Texas ranked in the top 10 among states on the American Dream State Ranking Report, the work of place-branding consultant Burghard Group in collaboration with Xavier University in Cincinnati. The report is based on research that includes survey responses to 139 statements that encapsulate various American “aspirations” ranging from economic conditions to overall well being to assimilation and diversity, trust in people and institutions, and the quality of air, water and food.
“In Texas, business friendliness is terrific, and depending on the community, costs of living are lower than elsewhere,” says Vranich. “As a consequence, costs of labor are lower. The benefit to that is a more stable workforce, because a person who can afford to own a home will stay with an employer longer than someone living in a crowded apartment.”
Schools are important as well. “Employees jump at the chance to leave Los Angeles to relocate to a community with a better educational system,” he says.
All the Right Infrastructure
Another significant selling point of Texas for companies reliant on exporting and importing is the state’s fully integrated transportation and logistics system, which includes 12 deep-water ports with channel depths of more than 30 feet. The widening of the Panama Canal to accommodate larger vessels, a project expected to be completed in 2015, will put the state’s Gulf Coast ports in prime position for increased activity.

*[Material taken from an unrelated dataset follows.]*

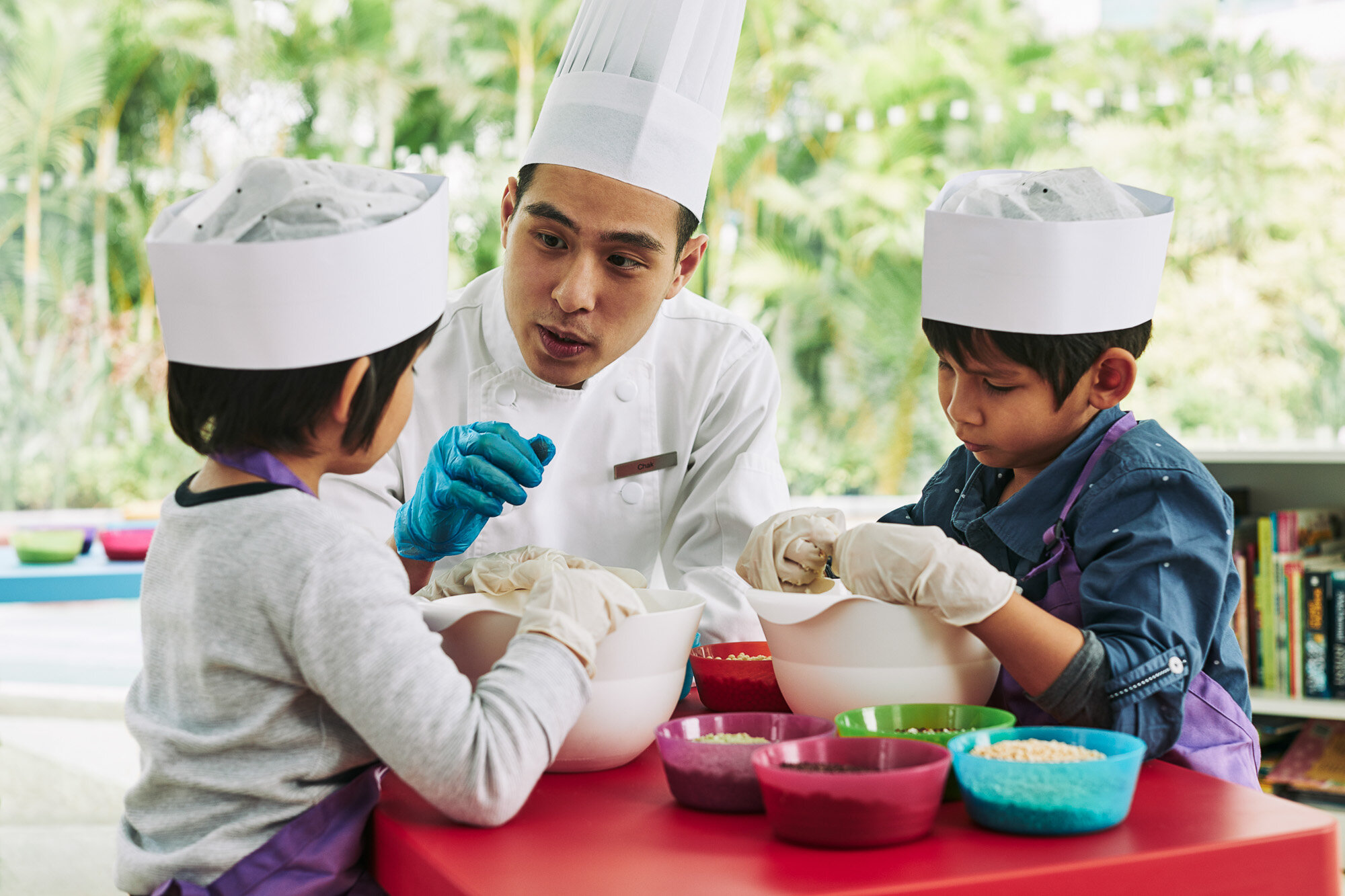 World-of-Hyatt-FIND-Little-Chefs-Colleague-Children-Cakepop-Instruction.jpg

According to Vranich, not only will access to ports along the Gulf Coast increase the efficiency of shipping containers for Asia, but also help companies avoid the more costly ports of Oakland, Long Beach and Los Angeles.
Energy costs are a driving factor in many relocations and expansions for every kind and size of company, making power another sizeable advantage for Texas. Vranich notes that it is the only state with an electrical grid not tied into the national grid system, helping avoid some federal regulations.
“Food processing operations in California are seeing their energy costs skyrocket because the state has implemented the cap and trade system,” he says. “They use lots of energy ““ gas for cooking and electricity for freezing ““ so there is a particular interest among them to go elsewhere.”
In addition, private power companies produce much of the energy supply in Texas, so they are often in a position to offer incentives or bargain over a rate, an incentive not necessarily available in other states.
“For eight years, California has been ranked by CEO magazine as the single worst state in which to do business, while it has scored Texas as the Best State for Business,” says Vranich. “That’s your contrast right there.”